◆ Stored data entries:
+ + + + + + +

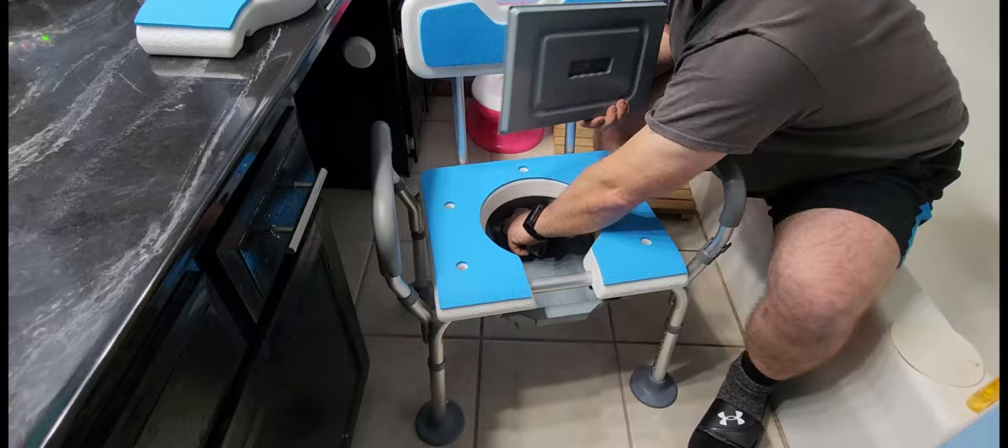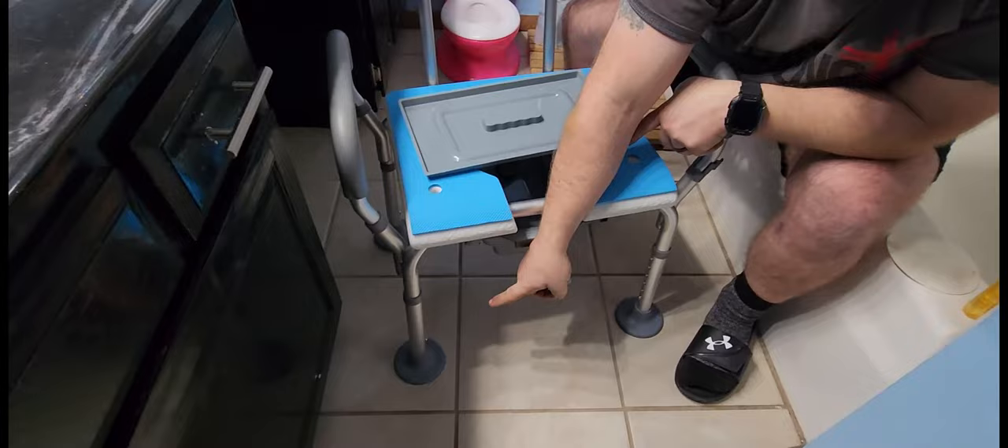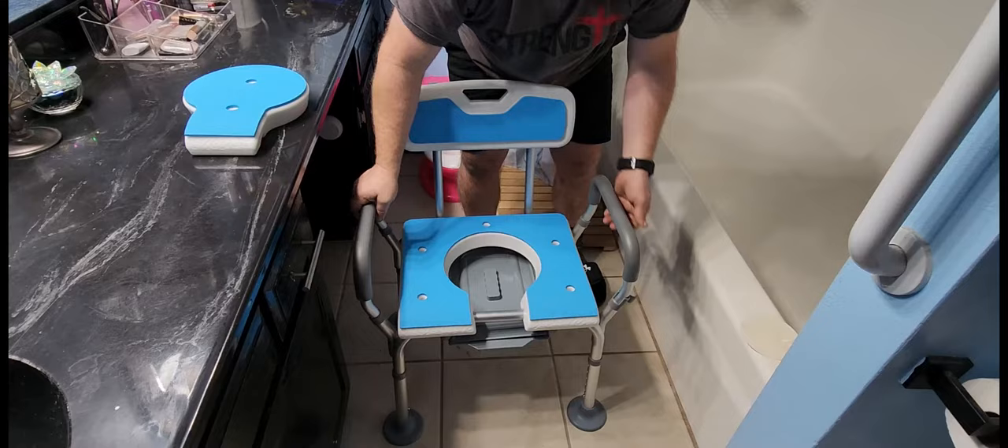They give you two different sets of feet. These smaller feet are beveled a little bit, so they might work better in your shower or tub. We went ahead with the larger feet for greater stability.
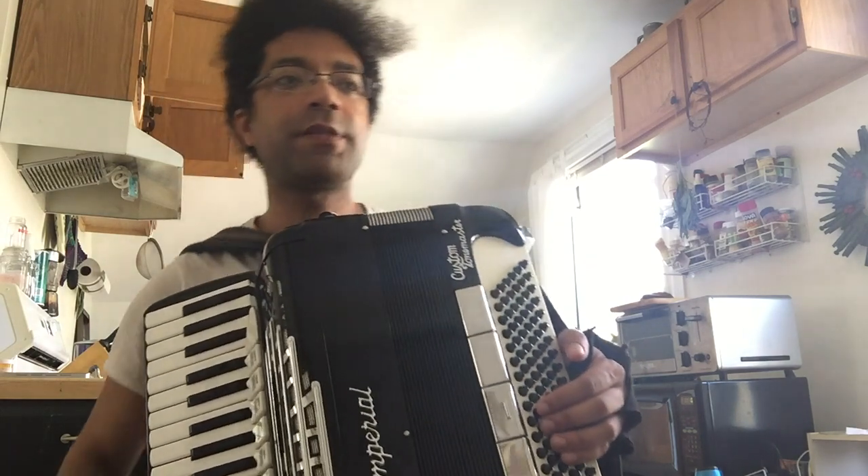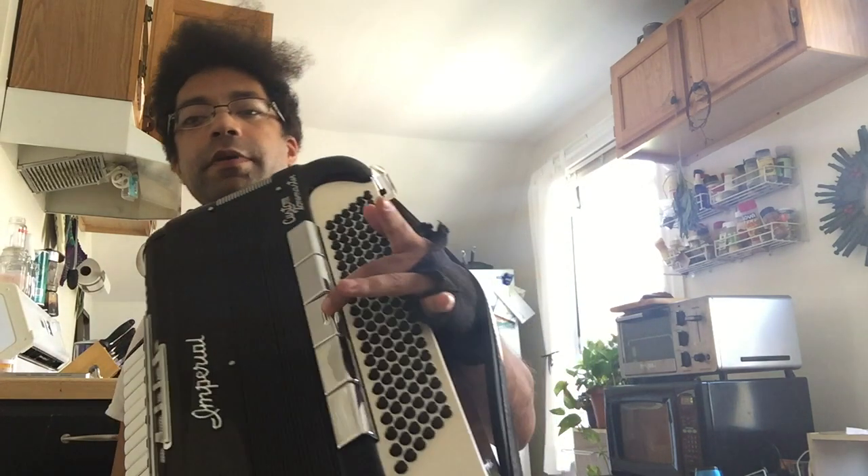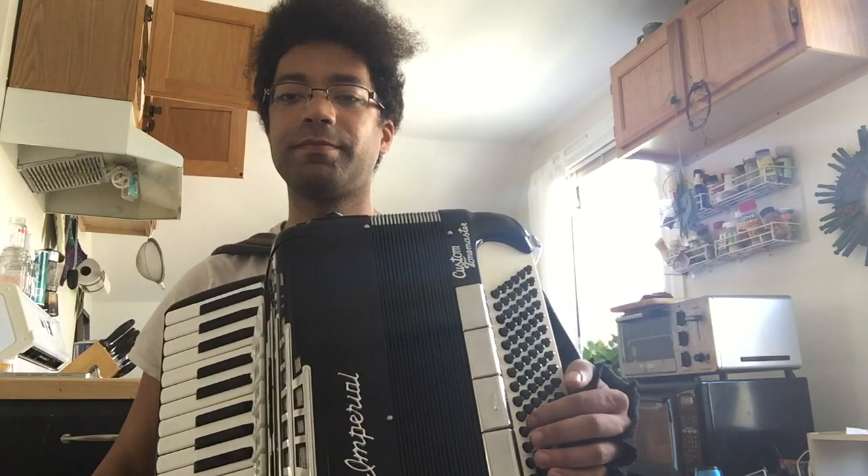The best way to illustrate this is — with my master switch on, I'm going to play a scale. So let's hear C major.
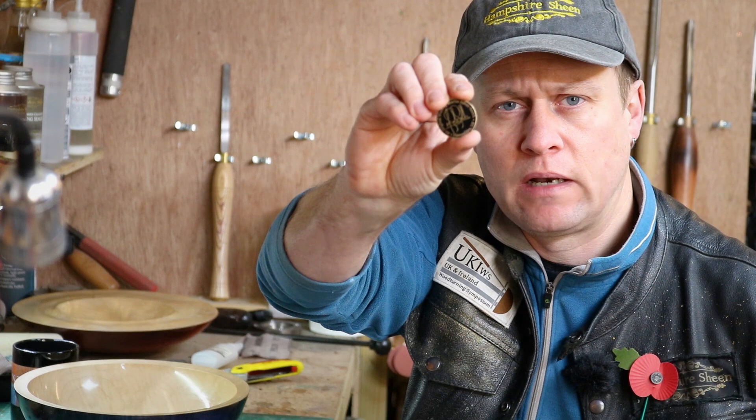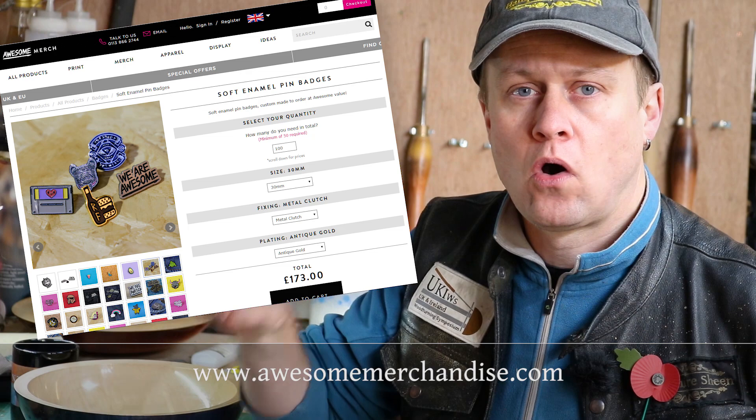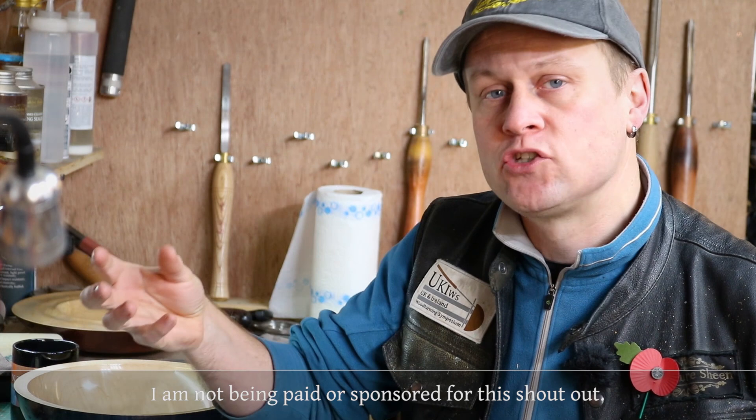A lot of people have asked me, not just in this video but previous ones, about where I get my little maker's marks from. I get them from a company here in the UK called Awesome Merchandise, and they are a special order of 30mm pin badges — you know, the ones with the pin and the clasp. I had to ask them if I place an order...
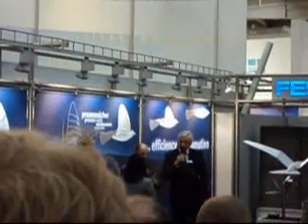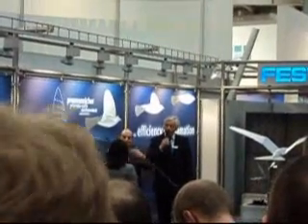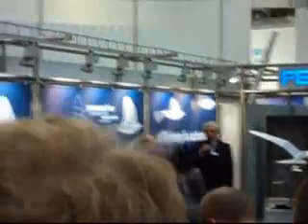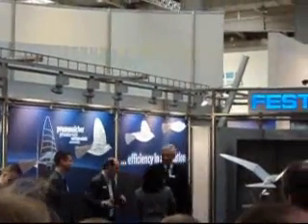The weight is 450 grams, the span is 2 meters, and now we go over to online monitoring and control. Thank you.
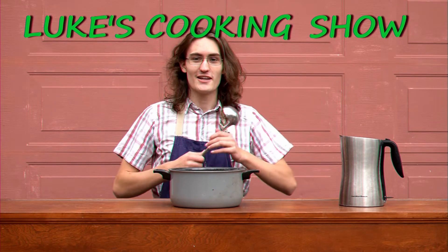Hello everybody and welcome to Luke's cooking show. Today we're going to be making hot spicy ramen. The first thing that you need is hot water — you can use a kettle or you can boil it in a pan.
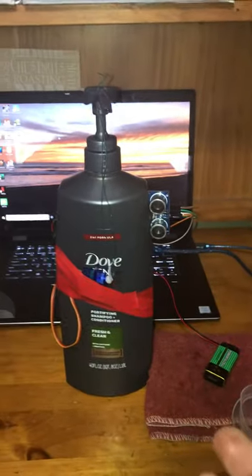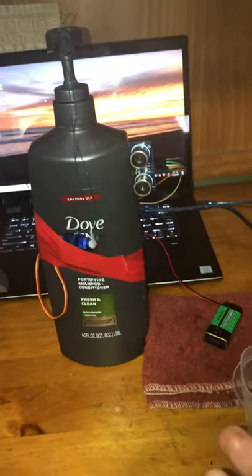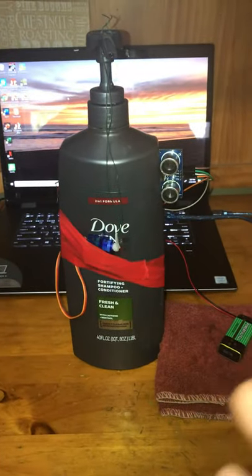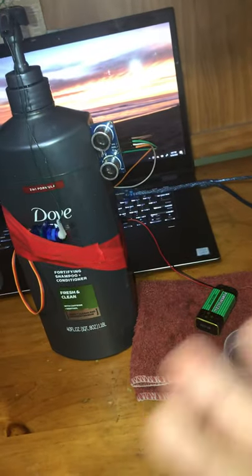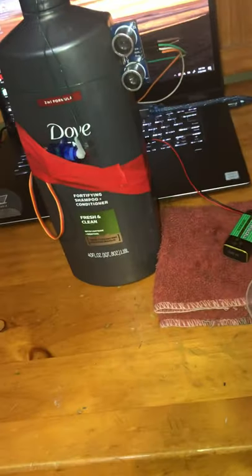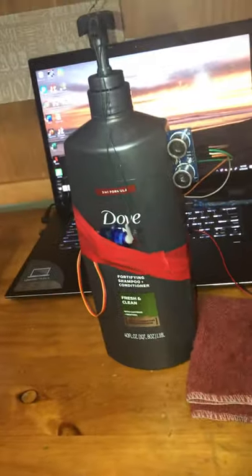So I'm going to show you this is my hand soap dispenser contraption that I made. I'm using a servo floor wire, ultrasonic sensor detector, electrical tape, and I'm using a battery as my source of power.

+ + + + + + +

◆ WHAT THE TASK ASKS:
The result should be the same data as above, line for line, with the pictures gone.

◆ RESULT OF THE TASK:
They give you two different sets of feet. These smaller feet are beveled a little bit, so they might work better in your shower or tub. We went ahead with the larger feet for greater stability.
The best way to illustrate this is — with my master switch on, I'm going to play a scale. So let's hear C major.
A lot of people have asked me, not just in this video but previous ones, about where I get my little maker's marks from. I get them from a company here in the UK called Awesome Merchandise, and they are a special order of 30mm pin badges — you know, the ones with the pin and the clasp. I had to ask them if I place an order...
The weight is 450 grams, the span is 2 meters, and now we go over to online monitoring and control. Thank you.
Hello everybody and welcome to Luke's cooking show. Today we're going to be making hot spicy ramen. The first thing that you need is hot water — you can use a kettle or you can boil it in a pan.
So I'm going to show you this is my hand soap dispenser contraption that I made. I'm using a servo floor wire, ultrasonic sensor detector, electrical tape, and I'm using a battery as my source of power.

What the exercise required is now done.